To anybody that enjoyed the musical, I suggest you read the real Book of Mormon. As always, the book is much better :D. Also, I LOVE How to Succeed in Business!

Apr. 20 2012 04:45 PM
Kenneth Bennett Lane from BOONTON, NJ

FRANK LOESSER was as politically cognizant as one could be and was attuned to the possibilities of how humor could help in domestic and workplace situations. He was also his own librettist. However, in films and pop music he often wrote either the words or music for the leading colleagues in the theater of his day, other composers and other lyricicists Only Irving Berlin had a larger output ouevre.
He would NEVER deprecate women. He was NOT a malicious man. Humor and dramatic verity were his goals.

May. 04 2011 11:13 PM
Michael Meltzer

Most New York listeners' contact with the Mormon community is in two parts:
1. The magnificent discography of the Utah Symphony under Maurice Abravanel;
2. The purchase of radio station WNCN by a Mormon group and the removal of its 24/7 classical musical programming from the airwaves forever.
I'm not sure that the two balance out.

Apr. 03 2011 06:39 PM
GeneO from Manhattan

Clearly the hard fought battle over the last few decades have not altered the writer from the Upper West Side to appreciate that the rights of women along with their roles in society have been evolving. Unfortunately, the Mormons and other conservative groups would have us maintain the “status quo” of decades past as the desired way of life.

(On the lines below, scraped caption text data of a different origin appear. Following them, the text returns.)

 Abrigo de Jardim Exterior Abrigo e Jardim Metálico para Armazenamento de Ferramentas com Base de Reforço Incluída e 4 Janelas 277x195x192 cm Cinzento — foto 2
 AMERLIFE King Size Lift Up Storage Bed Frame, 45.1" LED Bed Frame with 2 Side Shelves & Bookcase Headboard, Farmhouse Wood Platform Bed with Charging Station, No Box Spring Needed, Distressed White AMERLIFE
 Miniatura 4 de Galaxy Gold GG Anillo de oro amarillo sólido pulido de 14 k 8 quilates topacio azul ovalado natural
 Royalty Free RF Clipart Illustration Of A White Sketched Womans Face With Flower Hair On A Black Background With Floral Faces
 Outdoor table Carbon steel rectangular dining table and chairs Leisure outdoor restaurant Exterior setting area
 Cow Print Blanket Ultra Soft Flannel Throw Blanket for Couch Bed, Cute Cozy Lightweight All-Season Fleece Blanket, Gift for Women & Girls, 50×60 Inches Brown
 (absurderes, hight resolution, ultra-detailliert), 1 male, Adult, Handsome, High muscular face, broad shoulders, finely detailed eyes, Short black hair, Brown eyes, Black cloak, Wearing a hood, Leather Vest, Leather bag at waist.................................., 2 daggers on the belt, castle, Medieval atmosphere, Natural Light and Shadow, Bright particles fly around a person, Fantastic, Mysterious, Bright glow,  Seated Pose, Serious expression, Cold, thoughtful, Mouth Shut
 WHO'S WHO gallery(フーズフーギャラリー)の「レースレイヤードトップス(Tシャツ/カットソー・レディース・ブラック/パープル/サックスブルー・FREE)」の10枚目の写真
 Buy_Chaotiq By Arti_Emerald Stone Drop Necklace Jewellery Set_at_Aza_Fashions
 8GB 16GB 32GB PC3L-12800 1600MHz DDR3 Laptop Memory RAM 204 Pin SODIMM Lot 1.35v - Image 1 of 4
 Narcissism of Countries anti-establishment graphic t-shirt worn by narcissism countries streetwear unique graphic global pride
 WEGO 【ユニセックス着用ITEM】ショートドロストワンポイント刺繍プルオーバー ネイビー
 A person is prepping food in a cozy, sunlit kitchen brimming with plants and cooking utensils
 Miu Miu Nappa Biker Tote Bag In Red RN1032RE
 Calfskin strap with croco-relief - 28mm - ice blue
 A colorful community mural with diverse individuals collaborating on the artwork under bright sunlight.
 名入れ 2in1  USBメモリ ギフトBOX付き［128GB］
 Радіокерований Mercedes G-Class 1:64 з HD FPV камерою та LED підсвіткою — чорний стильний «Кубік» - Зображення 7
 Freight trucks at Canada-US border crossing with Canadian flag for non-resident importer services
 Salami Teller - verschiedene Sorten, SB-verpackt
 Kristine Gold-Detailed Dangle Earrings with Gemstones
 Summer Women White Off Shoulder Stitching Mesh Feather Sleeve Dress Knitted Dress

Elliott's comparison of these two different musicals speaks to how much American society is trying to change and adapt.

Is our society overly sensitive to being politically correct—perhaps but there are parts of our society that continue to cause societal issues and upheaval that affect many and on very personal levels.

I would like to believe that our evolving society can look back at our history to see the “offenses” that existed whether that is in our drama, art, movies, etc.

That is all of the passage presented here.